Work instructions | Look through the records, and wherever the string "Chapter" turns up, copy out that line.

Working data |
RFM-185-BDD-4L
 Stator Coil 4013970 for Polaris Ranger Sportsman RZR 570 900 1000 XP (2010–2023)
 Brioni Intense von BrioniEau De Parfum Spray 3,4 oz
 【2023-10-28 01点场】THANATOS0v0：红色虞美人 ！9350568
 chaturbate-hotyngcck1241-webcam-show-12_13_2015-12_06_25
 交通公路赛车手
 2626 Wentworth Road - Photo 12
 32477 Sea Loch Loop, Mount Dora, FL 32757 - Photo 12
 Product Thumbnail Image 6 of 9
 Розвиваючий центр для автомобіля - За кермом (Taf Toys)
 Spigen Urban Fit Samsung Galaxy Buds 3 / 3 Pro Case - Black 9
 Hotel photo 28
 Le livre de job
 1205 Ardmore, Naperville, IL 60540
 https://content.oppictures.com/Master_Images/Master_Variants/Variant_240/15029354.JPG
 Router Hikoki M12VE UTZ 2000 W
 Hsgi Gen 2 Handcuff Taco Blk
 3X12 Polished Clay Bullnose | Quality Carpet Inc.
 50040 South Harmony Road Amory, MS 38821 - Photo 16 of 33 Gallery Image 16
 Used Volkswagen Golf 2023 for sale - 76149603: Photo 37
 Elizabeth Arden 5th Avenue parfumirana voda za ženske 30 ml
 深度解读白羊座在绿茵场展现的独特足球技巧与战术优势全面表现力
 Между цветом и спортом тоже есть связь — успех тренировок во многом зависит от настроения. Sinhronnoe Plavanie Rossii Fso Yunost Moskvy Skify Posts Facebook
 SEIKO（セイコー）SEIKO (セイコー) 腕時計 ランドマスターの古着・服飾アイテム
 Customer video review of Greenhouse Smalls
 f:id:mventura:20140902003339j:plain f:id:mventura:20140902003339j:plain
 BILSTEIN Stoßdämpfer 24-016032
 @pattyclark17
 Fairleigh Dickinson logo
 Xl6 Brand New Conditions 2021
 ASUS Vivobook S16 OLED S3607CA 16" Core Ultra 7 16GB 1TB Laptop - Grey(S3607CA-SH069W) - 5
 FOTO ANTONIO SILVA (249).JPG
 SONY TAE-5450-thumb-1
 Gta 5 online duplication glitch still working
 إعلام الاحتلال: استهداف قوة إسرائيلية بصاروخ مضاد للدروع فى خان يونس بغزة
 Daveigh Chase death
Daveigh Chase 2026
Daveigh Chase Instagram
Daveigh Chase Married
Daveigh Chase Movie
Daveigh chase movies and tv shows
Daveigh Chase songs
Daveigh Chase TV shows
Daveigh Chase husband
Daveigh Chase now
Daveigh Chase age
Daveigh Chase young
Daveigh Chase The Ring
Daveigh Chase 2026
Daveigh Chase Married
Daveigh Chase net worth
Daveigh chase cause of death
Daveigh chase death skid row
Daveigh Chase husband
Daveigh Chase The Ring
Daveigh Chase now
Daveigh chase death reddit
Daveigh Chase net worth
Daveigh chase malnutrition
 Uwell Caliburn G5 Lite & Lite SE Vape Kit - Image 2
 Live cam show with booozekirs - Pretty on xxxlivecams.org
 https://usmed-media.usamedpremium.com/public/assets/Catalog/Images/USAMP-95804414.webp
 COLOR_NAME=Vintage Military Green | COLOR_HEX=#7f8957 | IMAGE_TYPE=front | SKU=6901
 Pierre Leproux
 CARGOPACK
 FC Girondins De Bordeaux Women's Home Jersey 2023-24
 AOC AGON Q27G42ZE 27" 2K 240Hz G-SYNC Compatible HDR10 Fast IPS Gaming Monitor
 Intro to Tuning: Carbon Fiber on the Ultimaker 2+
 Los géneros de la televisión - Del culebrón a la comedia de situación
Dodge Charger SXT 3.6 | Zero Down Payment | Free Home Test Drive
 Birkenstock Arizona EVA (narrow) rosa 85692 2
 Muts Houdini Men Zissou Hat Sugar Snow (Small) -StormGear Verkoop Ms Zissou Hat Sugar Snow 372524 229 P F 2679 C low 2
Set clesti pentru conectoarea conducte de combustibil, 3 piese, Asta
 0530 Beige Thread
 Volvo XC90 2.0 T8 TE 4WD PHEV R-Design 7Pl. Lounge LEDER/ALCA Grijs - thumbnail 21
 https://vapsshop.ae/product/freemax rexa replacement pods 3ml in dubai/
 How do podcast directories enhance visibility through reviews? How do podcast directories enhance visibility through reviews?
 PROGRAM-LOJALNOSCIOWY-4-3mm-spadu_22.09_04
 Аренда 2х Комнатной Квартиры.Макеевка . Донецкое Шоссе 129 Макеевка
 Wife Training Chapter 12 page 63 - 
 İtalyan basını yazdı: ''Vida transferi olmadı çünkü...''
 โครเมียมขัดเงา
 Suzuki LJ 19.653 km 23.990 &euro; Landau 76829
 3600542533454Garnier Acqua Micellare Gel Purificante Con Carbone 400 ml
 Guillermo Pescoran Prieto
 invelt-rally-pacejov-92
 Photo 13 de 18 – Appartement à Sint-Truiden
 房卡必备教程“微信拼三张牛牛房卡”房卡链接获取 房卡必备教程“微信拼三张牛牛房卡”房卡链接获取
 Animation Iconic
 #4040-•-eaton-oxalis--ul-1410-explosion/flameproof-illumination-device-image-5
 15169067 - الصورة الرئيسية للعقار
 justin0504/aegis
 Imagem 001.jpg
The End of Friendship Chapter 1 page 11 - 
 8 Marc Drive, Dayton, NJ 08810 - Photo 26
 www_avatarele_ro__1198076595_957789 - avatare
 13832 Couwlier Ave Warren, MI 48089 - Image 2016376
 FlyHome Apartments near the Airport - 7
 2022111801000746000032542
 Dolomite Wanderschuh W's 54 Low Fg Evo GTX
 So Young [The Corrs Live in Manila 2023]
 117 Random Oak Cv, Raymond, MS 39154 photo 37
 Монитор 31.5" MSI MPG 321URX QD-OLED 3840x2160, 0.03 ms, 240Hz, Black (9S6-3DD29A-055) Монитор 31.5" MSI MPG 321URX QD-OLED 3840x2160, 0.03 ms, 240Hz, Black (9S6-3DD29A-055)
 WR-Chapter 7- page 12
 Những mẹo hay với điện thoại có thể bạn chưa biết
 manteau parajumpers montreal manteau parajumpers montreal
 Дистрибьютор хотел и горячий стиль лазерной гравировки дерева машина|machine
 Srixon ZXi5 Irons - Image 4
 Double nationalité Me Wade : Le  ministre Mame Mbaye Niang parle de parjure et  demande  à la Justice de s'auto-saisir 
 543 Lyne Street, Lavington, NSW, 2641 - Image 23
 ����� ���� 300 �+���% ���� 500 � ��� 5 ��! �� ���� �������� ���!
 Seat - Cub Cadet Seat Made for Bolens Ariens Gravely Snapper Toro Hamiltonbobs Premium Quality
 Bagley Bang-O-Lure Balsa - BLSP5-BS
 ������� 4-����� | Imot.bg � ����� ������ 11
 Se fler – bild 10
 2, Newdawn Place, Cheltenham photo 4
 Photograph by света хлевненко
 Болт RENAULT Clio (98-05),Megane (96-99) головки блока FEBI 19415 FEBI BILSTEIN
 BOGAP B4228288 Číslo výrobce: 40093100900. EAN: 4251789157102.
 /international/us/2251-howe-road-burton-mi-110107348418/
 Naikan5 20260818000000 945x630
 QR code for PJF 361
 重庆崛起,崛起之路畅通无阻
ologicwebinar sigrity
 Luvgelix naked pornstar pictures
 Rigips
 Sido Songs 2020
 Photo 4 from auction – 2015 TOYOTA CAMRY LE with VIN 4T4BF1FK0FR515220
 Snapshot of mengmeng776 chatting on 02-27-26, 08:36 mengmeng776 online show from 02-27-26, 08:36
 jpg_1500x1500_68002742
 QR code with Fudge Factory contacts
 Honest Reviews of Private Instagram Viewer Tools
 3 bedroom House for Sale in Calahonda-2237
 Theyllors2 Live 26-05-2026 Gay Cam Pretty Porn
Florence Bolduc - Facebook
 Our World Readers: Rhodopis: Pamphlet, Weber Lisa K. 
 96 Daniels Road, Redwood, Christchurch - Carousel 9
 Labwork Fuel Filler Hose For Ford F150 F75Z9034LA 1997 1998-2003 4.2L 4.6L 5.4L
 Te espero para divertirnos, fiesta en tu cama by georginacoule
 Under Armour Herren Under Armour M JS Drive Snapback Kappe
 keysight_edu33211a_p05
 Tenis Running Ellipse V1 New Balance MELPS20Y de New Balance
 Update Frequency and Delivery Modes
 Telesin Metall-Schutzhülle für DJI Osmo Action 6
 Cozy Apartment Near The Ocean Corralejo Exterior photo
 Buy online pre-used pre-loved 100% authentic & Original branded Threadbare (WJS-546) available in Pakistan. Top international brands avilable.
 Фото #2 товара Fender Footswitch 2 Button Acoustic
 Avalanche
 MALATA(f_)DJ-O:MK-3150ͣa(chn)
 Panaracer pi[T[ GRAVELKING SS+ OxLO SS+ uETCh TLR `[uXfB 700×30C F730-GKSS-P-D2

Solved problem |
 Wife Training Chapter 12 page 63 - 
The End of Friendship Chapter 1 page 11 - 
 WR-Chapter 7- page 12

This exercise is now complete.